The Los Angeles City Attorney’s Office is being ordered to develop a way to legalize permits for hundreds of granny flats, secondary units typically built on the lots of single-family homes.
Those little structures were probably made illegal by a judge’s decision earlier this year.
The projects were put in limbo after the judge decided in February that a 2010 planning memo was in error when it said city officials could apply more lenient state laws — instead of the city’s stricter regulations — to approve secondary units. The judge’s decision also prompted the city to stop issuing permits for future projects.
So the City Council Wednesday told the City Attorney’s office to figure out how to make everything legal.

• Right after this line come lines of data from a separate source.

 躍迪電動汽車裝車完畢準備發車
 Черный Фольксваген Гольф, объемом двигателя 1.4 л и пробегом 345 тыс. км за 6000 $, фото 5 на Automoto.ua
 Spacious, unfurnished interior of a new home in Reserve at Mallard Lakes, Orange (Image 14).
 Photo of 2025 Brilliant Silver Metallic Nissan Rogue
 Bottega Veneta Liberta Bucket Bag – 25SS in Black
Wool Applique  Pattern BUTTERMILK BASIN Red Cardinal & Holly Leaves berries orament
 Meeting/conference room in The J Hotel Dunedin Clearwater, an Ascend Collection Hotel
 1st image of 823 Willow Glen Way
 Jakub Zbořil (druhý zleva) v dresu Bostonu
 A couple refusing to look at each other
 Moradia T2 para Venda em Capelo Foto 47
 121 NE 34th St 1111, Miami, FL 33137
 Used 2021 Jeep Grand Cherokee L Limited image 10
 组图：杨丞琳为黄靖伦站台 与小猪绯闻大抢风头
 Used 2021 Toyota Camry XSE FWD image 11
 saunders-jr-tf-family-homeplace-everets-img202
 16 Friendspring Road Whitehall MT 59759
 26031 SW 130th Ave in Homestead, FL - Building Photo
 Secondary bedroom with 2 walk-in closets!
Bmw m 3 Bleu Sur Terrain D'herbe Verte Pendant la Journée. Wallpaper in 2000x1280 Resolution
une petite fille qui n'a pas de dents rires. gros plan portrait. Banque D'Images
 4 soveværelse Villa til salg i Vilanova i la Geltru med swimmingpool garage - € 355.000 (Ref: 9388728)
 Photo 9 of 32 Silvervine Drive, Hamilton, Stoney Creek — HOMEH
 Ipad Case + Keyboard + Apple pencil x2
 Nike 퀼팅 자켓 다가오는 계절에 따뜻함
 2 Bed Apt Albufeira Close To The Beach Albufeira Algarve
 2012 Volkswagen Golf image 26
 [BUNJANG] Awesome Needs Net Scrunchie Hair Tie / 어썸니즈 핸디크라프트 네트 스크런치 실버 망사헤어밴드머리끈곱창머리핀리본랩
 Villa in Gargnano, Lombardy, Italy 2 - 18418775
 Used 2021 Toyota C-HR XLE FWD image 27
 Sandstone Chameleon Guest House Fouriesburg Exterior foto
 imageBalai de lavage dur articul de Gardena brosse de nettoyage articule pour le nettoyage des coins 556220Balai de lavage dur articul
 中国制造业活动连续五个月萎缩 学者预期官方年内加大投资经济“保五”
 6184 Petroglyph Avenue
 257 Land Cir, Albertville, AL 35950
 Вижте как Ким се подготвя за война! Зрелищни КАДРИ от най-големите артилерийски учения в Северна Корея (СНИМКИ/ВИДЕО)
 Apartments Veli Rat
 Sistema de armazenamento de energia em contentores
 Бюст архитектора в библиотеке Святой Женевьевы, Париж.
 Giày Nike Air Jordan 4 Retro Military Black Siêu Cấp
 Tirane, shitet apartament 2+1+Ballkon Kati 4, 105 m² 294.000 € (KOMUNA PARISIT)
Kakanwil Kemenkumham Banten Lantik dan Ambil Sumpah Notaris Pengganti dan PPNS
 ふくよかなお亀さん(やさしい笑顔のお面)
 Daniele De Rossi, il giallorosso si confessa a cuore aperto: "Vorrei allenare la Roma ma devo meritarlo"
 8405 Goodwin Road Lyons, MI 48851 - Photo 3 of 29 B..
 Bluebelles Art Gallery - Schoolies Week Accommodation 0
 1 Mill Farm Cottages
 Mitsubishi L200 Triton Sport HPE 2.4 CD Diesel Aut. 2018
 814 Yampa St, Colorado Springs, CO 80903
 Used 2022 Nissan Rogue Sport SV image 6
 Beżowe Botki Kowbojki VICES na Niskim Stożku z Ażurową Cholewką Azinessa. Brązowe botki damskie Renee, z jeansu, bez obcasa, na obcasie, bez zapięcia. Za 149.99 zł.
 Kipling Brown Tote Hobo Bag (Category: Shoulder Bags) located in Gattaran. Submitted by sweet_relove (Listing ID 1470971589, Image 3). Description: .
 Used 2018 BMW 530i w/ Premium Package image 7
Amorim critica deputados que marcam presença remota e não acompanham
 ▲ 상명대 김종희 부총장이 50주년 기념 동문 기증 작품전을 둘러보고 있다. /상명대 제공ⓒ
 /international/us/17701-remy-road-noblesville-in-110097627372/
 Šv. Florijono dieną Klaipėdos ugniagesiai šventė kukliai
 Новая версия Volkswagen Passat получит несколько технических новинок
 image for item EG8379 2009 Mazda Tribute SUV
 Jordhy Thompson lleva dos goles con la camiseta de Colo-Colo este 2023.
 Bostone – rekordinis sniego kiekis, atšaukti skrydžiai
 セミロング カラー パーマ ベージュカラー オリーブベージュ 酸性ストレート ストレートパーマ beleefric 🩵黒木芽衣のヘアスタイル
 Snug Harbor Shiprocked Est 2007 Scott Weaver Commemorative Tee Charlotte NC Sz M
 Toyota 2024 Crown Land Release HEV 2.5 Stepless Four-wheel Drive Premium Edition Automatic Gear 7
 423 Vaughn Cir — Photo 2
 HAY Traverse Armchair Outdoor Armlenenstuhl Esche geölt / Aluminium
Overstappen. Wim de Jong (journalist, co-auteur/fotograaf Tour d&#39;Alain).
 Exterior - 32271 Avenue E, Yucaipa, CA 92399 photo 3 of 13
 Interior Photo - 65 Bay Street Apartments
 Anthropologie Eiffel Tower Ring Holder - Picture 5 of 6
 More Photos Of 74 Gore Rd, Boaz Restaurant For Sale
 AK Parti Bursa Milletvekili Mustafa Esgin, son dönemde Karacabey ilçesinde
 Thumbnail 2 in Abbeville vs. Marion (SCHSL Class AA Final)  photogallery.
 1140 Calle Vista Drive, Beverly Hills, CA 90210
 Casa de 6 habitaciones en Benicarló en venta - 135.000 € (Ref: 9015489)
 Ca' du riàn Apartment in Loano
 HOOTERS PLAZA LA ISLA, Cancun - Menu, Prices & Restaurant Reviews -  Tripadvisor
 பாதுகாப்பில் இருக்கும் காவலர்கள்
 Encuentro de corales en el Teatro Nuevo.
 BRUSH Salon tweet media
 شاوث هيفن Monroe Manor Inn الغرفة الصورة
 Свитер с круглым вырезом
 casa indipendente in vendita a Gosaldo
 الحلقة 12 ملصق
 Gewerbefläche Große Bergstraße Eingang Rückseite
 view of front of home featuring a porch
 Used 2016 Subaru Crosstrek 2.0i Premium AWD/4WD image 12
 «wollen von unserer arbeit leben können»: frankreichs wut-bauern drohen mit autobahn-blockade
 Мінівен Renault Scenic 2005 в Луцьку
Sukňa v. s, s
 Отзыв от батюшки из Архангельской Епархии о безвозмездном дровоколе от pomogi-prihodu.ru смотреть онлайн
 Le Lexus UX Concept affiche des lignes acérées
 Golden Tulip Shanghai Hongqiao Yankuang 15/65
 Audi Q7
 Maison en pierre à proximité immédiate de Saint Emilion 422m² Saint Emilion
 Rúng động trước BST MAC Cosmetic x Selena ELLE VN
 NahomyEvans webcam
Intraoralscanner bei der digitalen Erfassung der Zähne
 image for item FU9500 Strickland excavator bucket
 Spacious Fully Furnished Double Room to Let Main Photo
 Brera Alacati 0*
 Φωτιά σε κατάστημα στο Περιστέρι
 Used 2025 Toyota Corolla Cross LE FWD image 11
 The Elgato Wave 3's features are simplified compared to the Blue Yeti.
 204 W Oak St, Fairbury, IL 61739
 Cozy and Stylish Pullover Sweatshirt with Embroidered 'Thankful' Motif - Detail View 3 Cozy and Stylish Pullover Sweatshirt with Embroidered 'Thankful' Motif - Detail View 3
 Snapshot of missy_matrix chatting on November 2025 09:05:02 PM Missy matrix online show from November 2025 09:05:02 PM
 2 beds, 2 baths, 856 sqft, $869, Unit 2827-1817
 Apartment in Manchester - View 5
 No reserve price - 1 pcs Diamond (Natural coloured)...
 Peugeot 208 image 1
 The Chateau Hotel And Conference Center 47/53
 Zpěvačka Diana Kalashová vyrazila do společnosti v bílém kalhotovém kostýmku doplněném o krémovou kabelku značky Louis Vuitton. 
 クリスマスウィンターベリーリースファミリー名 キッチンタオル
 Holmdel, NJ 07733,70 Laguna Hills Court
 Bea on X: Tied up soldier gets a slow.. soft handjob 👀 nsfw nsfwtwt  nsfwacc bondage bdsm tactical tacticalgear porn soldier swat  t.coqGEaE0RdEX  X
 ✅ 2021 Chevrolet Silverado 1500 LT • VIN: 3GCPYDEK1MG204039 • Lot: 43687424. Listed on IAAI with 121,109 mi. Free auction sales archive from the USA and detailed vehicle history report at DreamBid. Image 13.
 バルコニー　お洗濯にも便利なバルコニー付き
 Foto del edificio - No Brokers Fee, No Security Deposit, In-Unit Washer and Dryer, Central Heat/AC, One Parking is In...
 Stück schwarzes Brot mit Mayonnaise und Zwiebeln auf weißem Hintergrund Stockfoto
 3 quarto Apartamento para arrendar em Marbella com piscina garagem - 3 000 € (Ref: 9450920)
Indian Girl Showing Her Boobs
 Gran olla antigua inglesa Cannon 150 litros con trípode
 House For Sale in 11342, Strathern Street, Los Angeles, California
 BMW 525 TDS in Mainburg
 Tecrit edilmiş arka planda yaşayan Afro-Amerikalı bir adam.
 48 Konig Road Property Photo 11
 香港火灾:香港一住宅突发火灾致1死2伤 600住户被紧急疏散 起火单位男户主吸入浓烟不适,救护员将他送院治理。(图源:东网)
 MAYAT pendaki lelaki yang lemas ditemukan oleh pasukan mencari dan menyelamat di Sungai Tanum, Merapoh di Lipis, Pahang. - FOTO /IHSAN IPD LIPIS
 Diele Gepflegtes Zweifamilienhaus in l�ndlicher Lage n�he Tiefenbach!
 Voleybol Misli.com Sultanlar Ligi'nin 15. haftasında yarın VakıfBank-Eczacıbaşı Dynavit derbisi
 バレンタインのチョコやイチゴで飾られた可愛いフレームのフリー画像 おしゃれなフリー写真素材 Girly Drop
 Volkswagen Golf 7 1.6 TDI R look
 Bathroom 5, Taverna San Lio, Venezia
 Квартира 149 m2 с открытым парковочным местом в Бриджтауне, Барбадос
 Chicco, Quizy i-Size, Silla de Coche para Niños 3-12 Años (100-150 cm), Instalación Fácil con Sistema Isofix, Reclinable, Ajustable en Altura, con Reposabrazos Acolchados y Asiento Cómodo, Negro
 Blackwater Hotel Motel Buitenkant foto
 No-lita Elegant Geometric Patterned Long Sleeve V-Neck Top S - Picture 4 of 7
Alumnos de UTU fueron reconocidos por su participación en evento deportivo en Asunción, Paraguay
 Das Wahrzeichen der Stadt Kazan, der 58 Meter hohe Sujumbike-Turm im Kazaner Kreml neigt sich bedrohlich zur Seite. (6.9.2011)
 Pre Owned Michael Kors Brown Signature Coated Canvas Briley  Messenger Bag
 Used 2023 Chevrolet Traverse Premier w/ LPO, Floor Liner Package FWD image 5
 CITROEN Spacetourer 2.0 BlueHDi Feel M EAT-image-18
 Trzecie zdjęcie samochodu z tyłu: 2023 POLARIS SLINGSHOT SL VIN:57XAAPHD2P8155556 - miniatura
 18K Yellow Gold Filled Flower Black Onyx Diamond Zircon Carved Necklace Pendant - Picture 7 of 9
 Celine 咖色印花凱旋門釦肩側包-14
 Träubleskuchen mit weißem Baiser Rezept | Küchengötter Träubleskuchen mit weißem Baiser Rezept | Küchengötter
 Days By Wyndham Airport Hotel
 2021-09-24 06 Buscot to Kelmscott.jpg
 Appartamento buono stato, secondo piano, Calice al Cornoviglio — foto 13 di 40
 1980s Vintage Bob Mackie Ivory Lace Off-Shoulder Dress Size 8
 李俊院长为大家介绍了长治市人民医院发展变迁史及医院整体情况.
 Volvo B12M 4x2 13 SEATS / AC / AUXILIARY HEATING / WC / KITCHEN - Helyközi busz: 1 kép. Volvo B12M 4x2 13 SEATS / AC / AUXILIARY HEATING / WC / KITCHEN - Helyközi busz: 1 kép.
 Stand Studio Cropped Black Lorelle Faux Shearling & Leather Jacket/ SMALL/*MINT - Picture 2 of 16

Principal City Planner Ken Bernstein told the City Council that ongoing projects have been affected the most by the decision. Dozens of complaints have come into the city from property owners who had already spent time and money to begin constructing their secondary units.
“Our department has been contacted by more than 70 property owners who have been in limbo for quite some time,” he said.
Bernstein added that there are relatively few secondary units being built in Los Angeles, with just “a handful” of applications in each of the council districts each year.
City planners had proposed remedying the legal impasse by “grandfathering” in the already permitted projects and repealing the city’s own regulations so that only the state laws would apply.
However, the plan to repeal the city law was scrapped today after residents expressed concerns that the state’s more flexible rules would result in the construction of oversized secondary units that ruin the character of a neighborhood.
Councilwoman Nury Martinez and several other council members who opposed switching to the state’s regulations, introduced a compromise motion that calls for some temporary revisions to be made to the existing law. In the meantime, city attorneys will craft a new, permanent city ordinance over the next several months.
The City Council backed Martinez’s motion, and took a step toward bring the hundreds of in-progress secondary unit projects out of limbo.
The panel asked that the City Attorney’s Office return next week with an ordinance that would legalize secondary unit projects were approved prior to February and had been approved based on the invalidated memo, or a previous memo issued in 2003.
Martinez said the approval of her motion would “enforce the city’s stringent standards on second dwelling units,” as well as address “immediate legal concerns.”
“We did this while ensuring that we will move forward with an open and transparent process for future changes to the second dwelling units ordinance,” Martinez said.
Councilman Mitch O’Farrell had a rosier view of secondary units, saying they were a way for the city make housing more affordable and plentiful in the city.
O’Farrell expressed his support for Martinez’s motion, saying it resolved the issue in “a very balanced way that looks out for our neighborhoods” while also addressing the plight of “residents across the city who have been in limbo through no fault of their own.”
Fred Woocher, the attorney who sued the city over its 2010 memo, expressed puzzlement today over why the city needed to grandfather any of the projects, because the judge’s decision only applied to the Cheviot Hills project that was being challenged by his client, the group Los Angeles Neighborhood in Action.
Woocher said the decision did not actually require the city to apply the brakes on the other projects that had already gotten approvals, though he said it may have been due to “an abundance of caution.”
“Grandfathering is not necessary, but if they want to do it, we don’t oppose it,” Woocher said.
Despite today’s actions, one ongoing secondary unit project that had already gotten a permit could remain unbuilt, attorney Ben Resnick said.
Resnick represents Mark Judaken, who received the permit in 2014 to build a secondary unit for his father, Len, to live in. The approval of their project was challenged by Woocher in court and led to the judge’s decision that prompted the city to halt secondary unit projects.
Judaken’s project will be considered in the Planning and Land Use Management Committee, separately from the grandfathering ordinance, according Resnick said.
The City Council “already decided it would be unfair to all of the hundreds of people who have spent money to build the second units,” Resnick said, and the same consideration should be given to his client.